蘇瀾背著身,看不見羅素素的表情。
本是中午,這個時段咖啡店該熱鬧,今天卻出奇的冷清,冷的讓人發慌。
不過數秒,她微微低眉看了眼肩上的手,輕輕笑了一下,淡淡說:「那你好好管你家那位,他最近在我那兒可是有點猖狂啊。」
蘇瀾說完,大步離開。
羅素素氣的跳腳,喊道:「蘇瀾!」
女人沒理,步伐穩健的離開,毫無破綻。
蘇瀾胸腔癟的難受,剛剛吃的那點東西還沒消化,吸了冷風,惡寒一陣兒一陣兒的往上冒。她急於排泄,隨便找了個衛生間,乾嘔了一陣兒終於吐乾淨了才痛快些。

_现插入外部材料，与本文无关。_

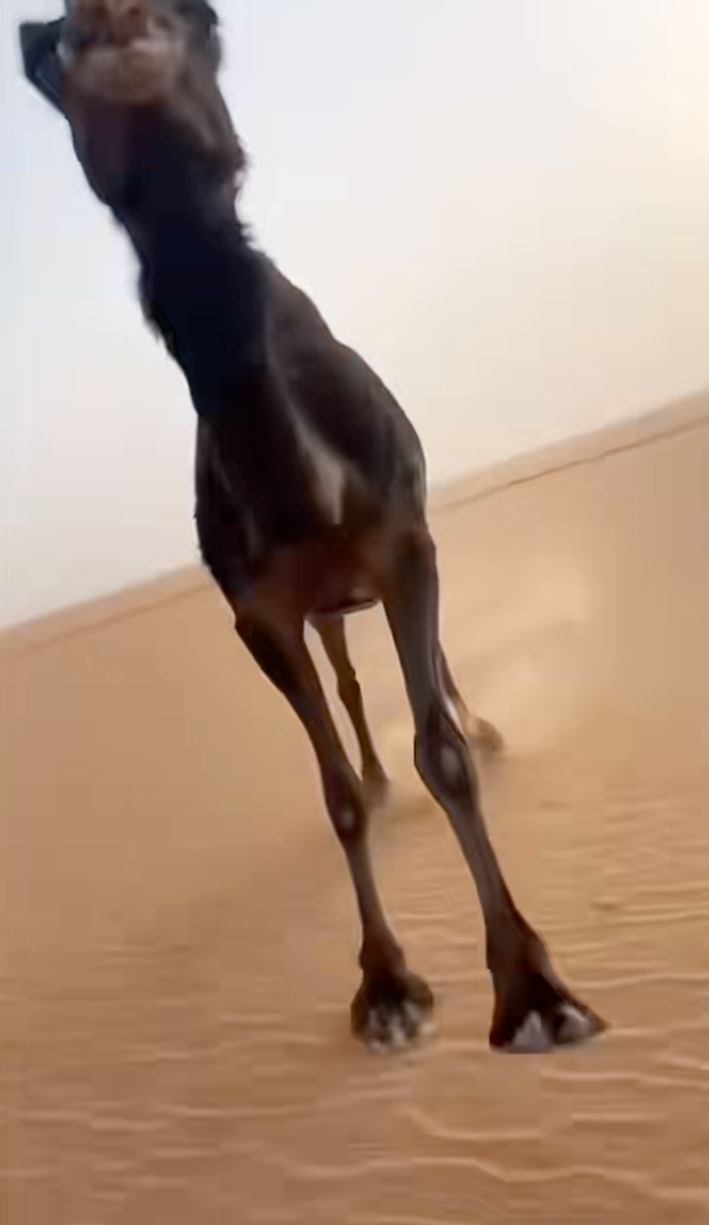 someone being attacked by a camel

鏡子裡的那張蒼白臉的臉有些嚇人,蘇瀾對著鏡子裡的那張臉忽然傻笑起來。腦海里,景念跟景仰那張臉漸漸融合,一直融為一體,慢慢的,蘇瀾發現她自己也分不清了,到底哪個是景仰那個景念……到底哪個是呢?她得不出答案。
蘇瀾站在那裡渾身發麻,走到現在她現在已經失了心,完全不知道該幹嘛,謊言也好,虛假也好,她無力爭取答案,就想冷靜冷靜。等她回去的時候,家裡沒人,她沒由來鬆了口氣。
蘇瀾抽了力氣似的,直接撲到了沙發上,合上眼皮卻睡不著。不多時,景路打來電話,語調甚是興奮,激動說:「媽媽,我在這裡碰到個姓簡的叔叔。」
她反應了一會兒才想起指的是簡修,又氣無力道:「是嗎?」
「是啊,我的老師認識他,他還請我吃了超大的聖代。」
「那你少吃些甜食,對牙齒不好。」
「我是見到老鄉了激動的,平時不會吃的。」
蘇瀾笑笑,想起了又問:「路路,上回我拿了你妙妙姐姐的內存卡,這個事兒,你告訴別人了嗎?」
那邊聲音虛了幾秒,小聲說:「媽媽,我不喜歡家裡那個姐姐,跟她說話的時候不小心說漏了,我是想說我媽媽的內存卡里存著爸爸的名字,別的沒想說,可是爸爸聽到了,他問我,你說了你會告訴他的,我沒憋住,所以……提前告訴他了。」
也是,除了景路……蘇瀾趴在那兒,思緒亂如麻,似乎當初離婚之後她就該走的,然而現在她做的所有都與當初的想法背道而馳。
她趴在那兒有些無所適從,一會兒怎麼面對他呢?
天色漸晚。
人還沒回來,胃有些不舒服,她開了燈,去房間找藥,進去臥室的時候才發現他擺在外面的衣物不見了,蘇瀾拉開衣櫥,只有單調的女士衣服,房間角落的行李箱也沒了。
那是岳翡給他送過來的,很大的箱子。
她自嘲的笑了笑,又去衛生間,男人的私人用品還在,她抬手全部扔進了垃圾桶。